Age is a continuous variable. The CIs account for clustering of patients and outcomes within hospitals. Steps represent point when variable was selected in a logistic, forward stepwise regression process (entrance criteria, P < .05). All standard American College of Surgeons’ National Surgical Quality Improvement Program and thyroidectomy-specific variables were available for selection. Selected variables were included as fixed effects for risk adjustment when evaluating hospital performance for each outcome.
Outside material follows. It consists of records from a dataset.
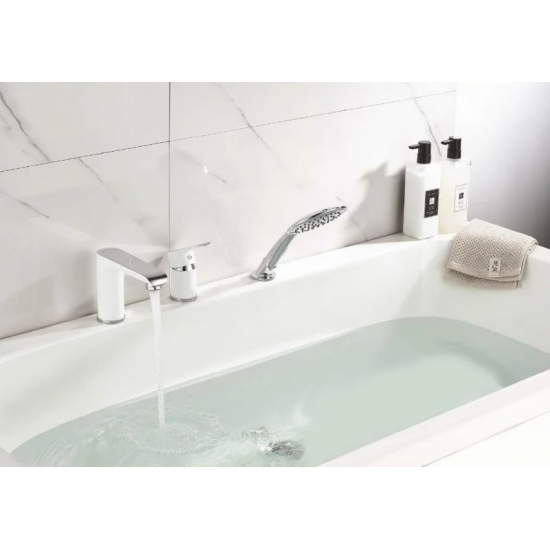 Смеситель на борт ванны ROSSINKA W40-39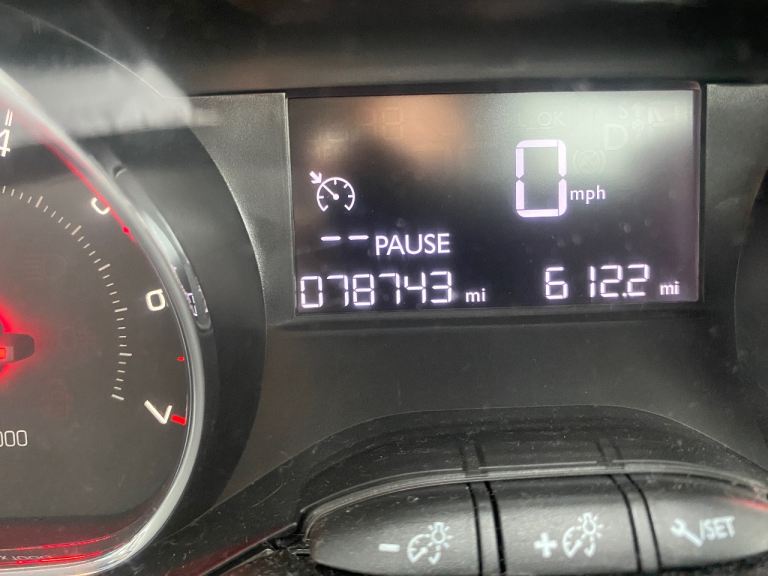 Peugeot, 208, Hatchback, 2014, Manual, 1199 (cc), 5 doors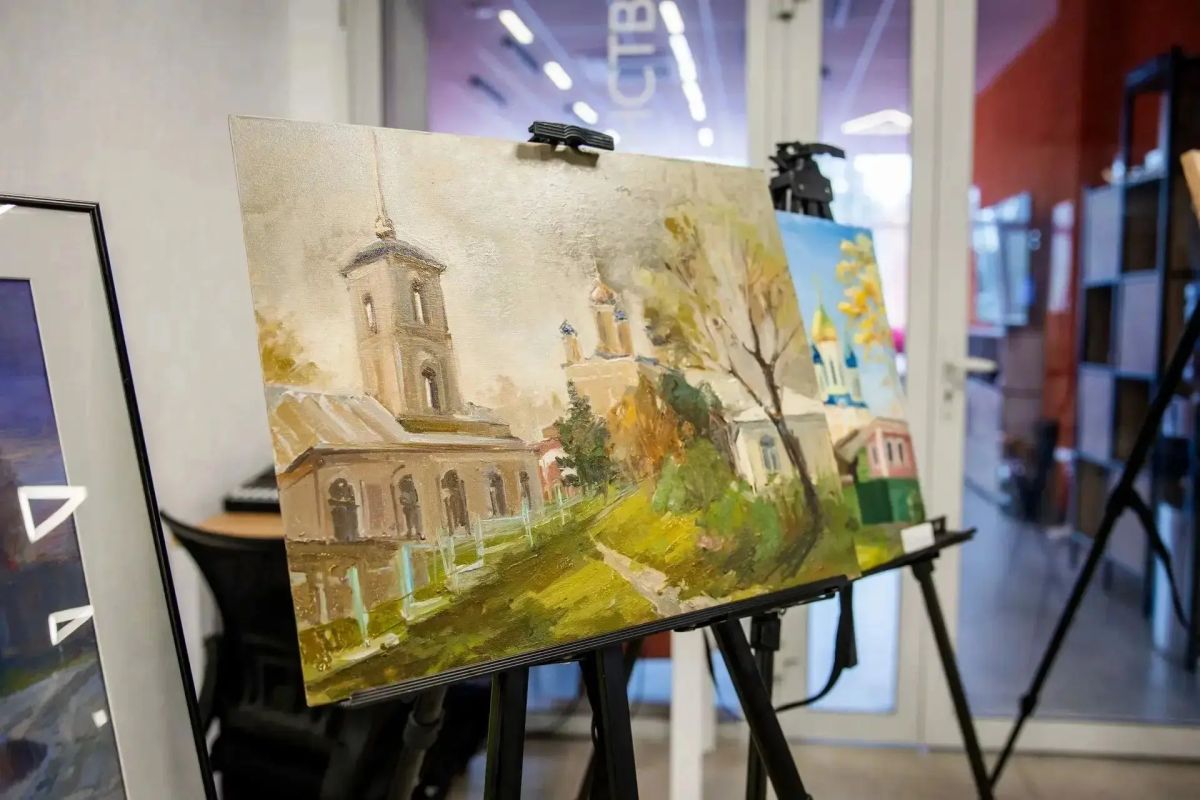Улицы Ельца на холстах можно увидеть в Центре молодежи города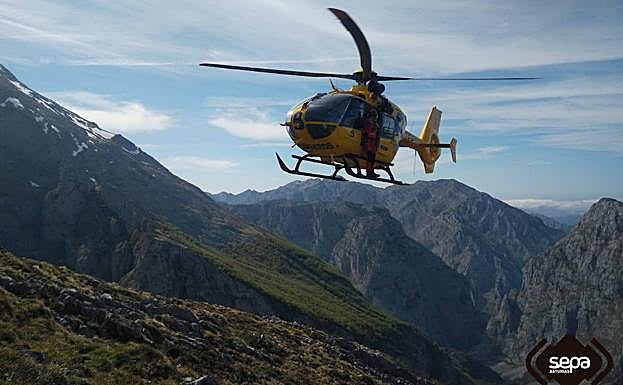 El helicóptero del SEPA, en la zona del suceso.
A preoperative bleeding disorder was present in patients with an underlying hematologic disorder or receiving long-term anticoagulation treatment.
Hospital Performance
Using thyroidectomy-specific variables, hospital performance varied for hypocalcemia and RLN injury, as reflected by outliers in Figure 1A and B and Table 2. When profiled by hypocalcemia, 4 hospitals were low and 7 were high outliers (median risk-adjusted OR, 0.95; range, 0.29-6.42) (Figure 1A). When profiled by RLN injury, 8 hospitals were low and 14 were high outliers (median risk-adjusted OR, 0.98; range, 0.16-18.2) (Figure 1B). No significant variability was found in between-hospital performance for hematoma (Figure 1C).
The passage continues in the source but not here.